Please enjoy this amazingly delicious trail food recipe – an exciting version of rice and beans with lots of veggies. The veggies give you those important vitamins and minerals that are often lacking on the standard thru-hiker diet. Bonus it’s vegetarian, but easily made vegan by omitting the cheese. I based this on the Mary Janes Farm Bare Burrito, which is tasty but costs about $10 per meal. My goal was to create a delicious and easily prepared meal for a fraction of the price. I made a dozen or so for my AZT thru-hike and was very happy at how they turned out! A meal I never tired of, I ate these every few days for dinner.

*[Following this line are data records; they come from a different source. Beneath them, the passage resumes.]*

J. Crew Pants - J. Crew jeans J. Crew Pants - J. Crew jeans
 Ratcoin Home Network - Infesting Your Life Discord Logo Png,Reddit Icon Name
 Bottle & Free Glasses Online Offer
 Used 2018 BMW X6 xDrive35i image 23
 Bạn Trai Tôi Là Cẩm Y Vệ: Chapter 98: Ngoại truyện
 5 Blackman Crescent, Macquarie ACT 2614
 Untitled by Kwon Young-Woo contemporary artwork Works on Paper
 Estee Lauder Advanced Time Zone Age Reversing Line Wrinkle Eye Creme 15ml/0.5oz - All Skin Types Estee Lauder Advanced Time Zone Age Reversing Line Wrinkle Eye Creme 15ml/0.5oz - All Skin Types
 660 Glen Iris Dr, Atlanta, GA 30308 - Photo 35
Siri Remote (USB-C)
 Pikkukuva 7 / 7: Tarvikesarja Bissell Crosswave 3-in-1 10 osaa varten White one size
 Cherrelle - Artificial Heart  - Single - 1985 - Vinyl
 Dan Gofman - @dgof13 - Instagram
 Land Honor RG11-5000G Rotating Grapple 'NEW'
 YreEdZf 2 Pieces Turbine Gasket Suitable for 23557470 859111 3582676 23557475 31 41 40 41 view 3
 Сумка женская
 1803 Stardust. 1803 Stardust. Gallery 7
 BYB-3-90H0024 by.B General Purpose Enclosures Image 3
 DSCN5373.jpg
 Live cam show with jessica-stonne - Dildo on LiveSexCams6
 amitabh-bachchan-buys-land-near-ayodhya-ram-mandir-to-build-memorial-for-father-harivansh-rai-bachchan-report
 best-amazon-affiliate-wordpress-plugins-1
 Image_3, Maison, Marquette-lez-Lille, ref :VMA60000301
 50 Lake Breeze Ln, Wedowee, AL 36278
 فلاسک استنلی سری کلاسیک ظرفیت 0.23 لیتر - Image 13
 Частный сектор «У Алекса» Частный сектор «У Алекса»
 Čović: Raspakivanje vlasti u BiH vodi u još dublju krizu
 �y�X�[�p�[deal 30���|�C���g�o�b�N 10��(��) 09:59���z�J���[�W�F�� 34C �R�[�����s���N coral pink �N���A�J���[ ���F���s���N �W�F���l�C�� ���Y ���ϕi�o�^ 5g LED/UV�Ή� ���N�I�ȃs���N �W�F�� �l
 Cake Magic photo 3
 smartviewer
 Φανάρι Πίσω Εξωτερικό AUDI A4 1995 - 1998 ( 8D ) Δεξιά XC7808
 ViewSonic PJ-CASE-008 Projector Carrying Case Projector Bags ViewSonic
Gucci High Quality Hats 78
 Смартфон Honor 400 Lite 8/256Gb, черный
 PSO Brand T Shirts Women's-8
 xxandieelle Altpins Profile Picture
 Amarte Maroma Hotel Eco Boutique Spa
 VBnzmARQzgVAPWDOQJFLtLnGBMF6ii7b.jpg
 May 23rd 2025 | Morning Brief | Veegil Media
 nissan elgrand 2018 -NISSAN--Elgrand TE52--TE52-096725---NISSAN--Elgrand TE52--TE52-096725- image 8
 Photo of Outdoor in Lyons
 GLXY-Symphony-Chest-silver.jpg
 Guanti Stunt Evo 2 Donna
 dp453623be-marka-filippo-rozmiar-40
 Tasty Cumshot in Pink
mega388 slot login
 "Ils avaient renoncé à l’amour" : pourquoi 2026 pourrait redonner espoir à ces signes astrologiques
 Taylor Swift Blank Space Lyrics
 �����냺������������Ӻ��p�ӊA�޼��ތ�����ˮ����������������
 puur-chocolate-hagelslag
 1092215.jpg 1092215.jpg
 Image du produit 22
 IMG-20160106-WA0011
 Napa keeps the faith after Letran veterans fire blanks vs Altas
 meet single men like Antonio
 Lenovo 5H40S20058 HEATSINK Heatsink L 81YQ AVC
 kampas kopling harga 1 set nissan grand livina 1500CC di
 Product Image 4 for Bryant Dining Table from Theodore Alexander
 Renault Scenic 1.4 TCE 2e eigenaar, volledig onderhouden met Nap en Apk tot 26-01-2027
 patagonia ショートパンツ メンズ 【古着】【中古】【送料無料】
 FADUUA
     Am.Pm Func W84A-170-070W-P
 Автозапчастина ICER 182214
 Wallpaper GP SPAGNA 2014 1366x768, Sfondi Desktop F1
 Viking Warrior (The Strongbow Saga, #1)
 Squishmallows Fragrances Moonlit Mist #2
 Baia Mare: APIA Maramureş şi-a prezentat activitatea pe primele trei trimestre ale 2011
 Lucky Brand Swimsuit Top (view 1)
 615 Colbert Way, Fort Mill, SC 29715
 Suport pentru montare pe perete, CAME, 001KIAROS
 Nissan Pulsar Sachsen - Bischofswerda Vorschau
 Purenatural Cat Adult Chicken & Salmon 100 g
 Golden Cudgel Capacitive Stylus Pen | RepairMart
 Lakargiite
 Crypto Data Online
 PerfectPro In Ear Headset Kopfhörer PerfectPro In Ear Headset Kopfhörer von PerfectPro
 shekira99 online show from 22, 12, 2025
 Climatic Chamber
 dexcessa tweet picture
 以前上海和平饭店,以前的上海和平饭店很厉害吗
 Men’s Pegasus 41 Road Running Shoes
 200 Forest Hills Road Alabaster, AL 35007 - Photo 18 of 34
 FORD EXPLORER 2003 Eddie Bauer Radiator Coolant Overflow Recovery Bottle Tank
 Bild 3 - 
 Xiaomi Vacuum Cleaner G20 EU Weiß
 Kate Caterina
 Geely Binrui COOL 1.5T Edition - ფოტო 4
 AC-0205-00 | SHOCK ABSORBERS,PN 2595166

Hiking companions Mary and Dan tried one too and said they loved it. Try it for yourself and enjoy!
1/3 cup dehydrated rice (I dehydrated my own, but any kind of Minute Rice is great)
1/4 cup dehydrated refried beans (find it in the bulk bins at your grocery store)
3 tbsp dehydrated corn
1-2 tbsp dehydrated bell pepper
2-3 tbsp dried kale
1 tbsp dried zucchini or cabbage
1 tbsp dried carrots
1.5 tbsp cheese powder (I used cheddar, but any will do, even parm – or use real cheese)
2 tsp onion flakes
1/4 tsp garlic powder
dash of dried jalapenos or red pepper flakes
dash of salt and pepper
hot sauce of your choice, to taste (I’m partial to Tapatio packets)
At Home: Add all ingredients (except for hot sauce) into 1 quart sized or ziplock freezer bags. Shake to combine.
On Trail: Bring a few cups of water to a boil. Remove pot from heat. Pour boiling water into ziplock bag and stir and shake until ingredients are mixed thoroughly and hydrated to the proper level of hydration (tip: add a little more than you think you will need. you can always add more boiling water if it’s underhydrated). Let sit for 5-10 minutes before adding hot sauce to your liking. Eat!